Nothing that has happened since – especially with Wales and England both voting to leave the European Union and thereby confounding and upsetting the Welsh establishment in equal measure – has convinced me that this linking of Welsh and English voting patterns has been broken in any way. As with all General Elections, the real story is about who forms the UK Government but, with Labour so far adrift, there is a real possibility of Labour’s annihilation outside its heartiest heartlands. My conversations with many in Labour over recent days has just reinforced that view.


Therefore I think it is perfectly appropriate to look at this election as a fight for the very survival of Labour. That to me is the biggest and most interesting story. Yes, Leanne may run in the Rhondda. Yes, Plaid will throw the kitchen sink at Ynys Mon again. Yes, it will be worth watching to see if the SNP loses any ground. Yes, the Lib Dems will be looking to step back from the abyss and take back seats like Brecon & Radnorshire and Cardiff Central. Yes, UKIP will be mildly interesting in Clacton. Yes, the Greens will pretend some rubbish about a breakthrough again. But this is a General Election that will, above all, decide whether Labour continues as a national force in politics.

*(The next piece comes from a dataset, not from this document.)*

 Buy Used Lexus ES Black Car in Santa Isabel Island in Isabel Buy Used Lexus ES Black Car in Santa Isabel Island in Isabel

And you can interpret “national” for Wales as well as England if you’re not too precious about terminology. Wales is in no way immune from a Conservative onslaught. The Tories already hold 11 out of 40 Welsh seats at Westminster and could very conceivably win a series of others with uniform swings. As Roger Scully, the only accomplished Welsh psephologist, has pointed out there are eight seats in which Labour is very, very vulnerable. It would not take a total earthquake for Labour to meltdown. Indeed, it would just need UK polling trends to be broadly matched in Wales for Plaid to take Ynys Mon, the Lib Dems to regain Cardiff Central, and for the Conservatives to win six more seats in Wales – Delyn, Clwyd South, Wrexham, Alyn and Deeside, Bridgend and Newport West.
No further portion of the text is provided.